Here is an example where multiple threads may call the print() function, but you want to restrict the maximum number of concurrent prints to N.

sema_init(&nprinters, N);

void print(void) {
  P(&nprinters);
  //print command
  V(&nprinters);
}
This will ensure that the system has at most N simultaneous print requests. Also, as print requests get completed, they allow other print requests to be admitted.

Locks as semaphores

Locks can be trivially implemented as semaphores by initializing it to 1.
struct lock {
  struct sema sema;
};

void lock_init(struct lock *l) {
  sema_init(&l->mutex, 1);
}

void acquire(struct lock *l) {
  P(&l->sema);
}

void release(struct lock *l) {
  V(&l->sema);
}

Scheduling with semaphores

Semaphores are also used for enforcing thread schedules. Consider the following example, where one thread computes x, a second thread computes y, a third thread computes z = f(x, y), and finally a fourth thread prints z. You may want to enforce an execution order (schedule) such that the computation of z happens only after the computation of x and y. Similarly, the print statement should execute only after the computation of z. This can be achieved by using semaphores sx, sy, and sz, initialized to zero. A one value in these semaphore counters will be used to indicate that the corresponding value has been computed.
thread1() {
  ....
  x = ...;
  V(sx);
}

thread2() {
  ....
  y = ...;
  V(sy);
}

thread3() {
  ....
  P(sx);
  P(sy);
  z = f(x, y);
  V(sz);
}

thread4() {
  P(sz);
  print z;
}

Monitors

All our abstractions for synchronization so far (locks, condition variables, semaphores) are implemented as types and functions on them. It is the responsibility of the programmer to ensure that the type objects are correctly used --- for example, a programmer must ensure that a lock is properly initialized before it is used; she should also ensure that a lock acquisition is always appropriately bracketed with a lock release. Notice that this is completely independent of the language in which the program is written.

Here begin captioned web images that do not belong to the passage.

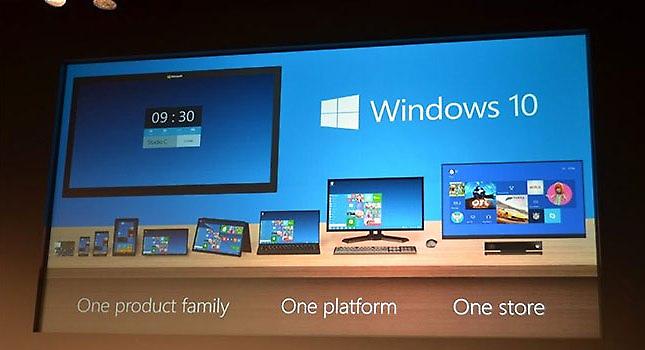 Πληροφορίες για τα Xbox One apps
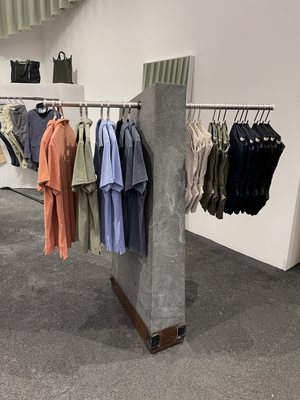 ONS Clothing • Multi-brand Retail Shop by null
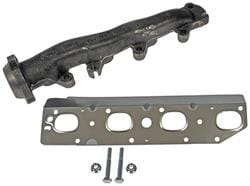 Dorman OE Solutions Exhaust Manifold  image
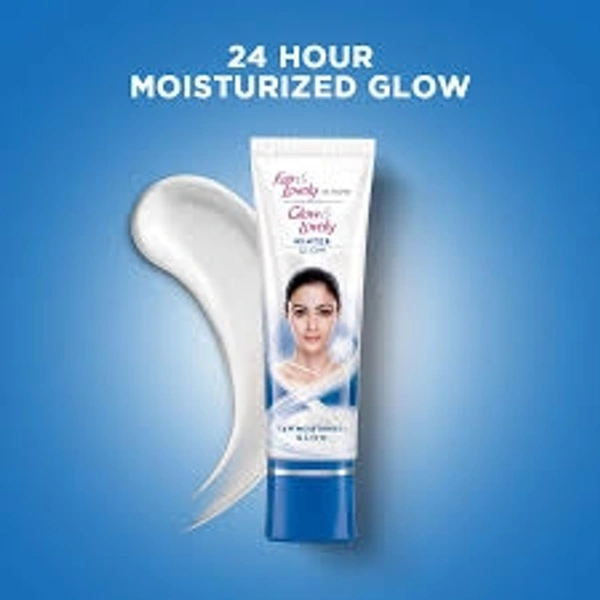 Fair & Lovely Winter Glow 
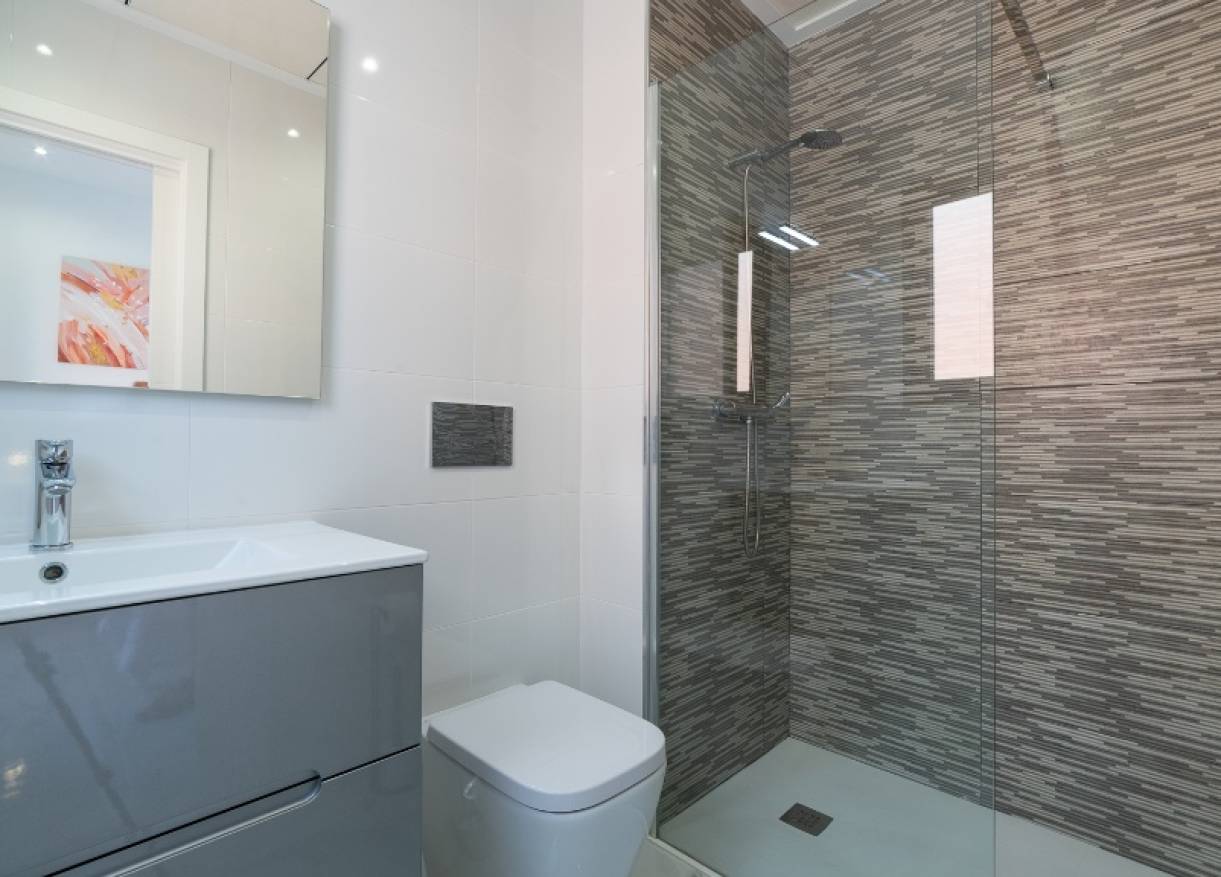 Bestaand - Villa - Torrevieja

Because concurrent programs are quite common, some languages provide intrinsic support for handling concurrency. One example of such support is a monitor. A monitor is defined as a type construct (e.g., class), which may declare private shared-memory objects and routines that access those objects. The monitor enforces mutual exclusion between the monitor routines, by using an "implicit lock". Here is an example of the producer-consumer queue implemented as a monitor:

monitor Q {
	char buf[MAX];
  int head = 0, tail = 0;

  void produce(char c) {
		while ((head + 1) % MAX == 0) {
      wait(&not_full);
    }
		q[head] = c;
    head = (head + 1) % MAX;
    notify(&not_empty);
  }

	char consume(void) {
    ...
  }
}
Notice that because the monitor guarantees mutual exclusion between its routines (only one thread can be inside a monitor routine at any time), we did not have to use a mutex ourselves. Instead, the compiler will implicitly generate a mutex for us. One way to implement monitors, is for the compiler to instrument each function with acquire() and release() calls on the implicit lock, before and after the routine respectively. Also, notice that the wait() function does not need the second argument; instead the second argument is automatically understood to be the monitor's implicit lock, i.e., a thread calling wait() will internally release the monitor's implicit lock before going to sleep.

Monitors make it simpler to write concurrent programs, and avoid common bugs like unbracketed acquires or releases. In Java, the "synchronized" keyword can be used to specify a monitor.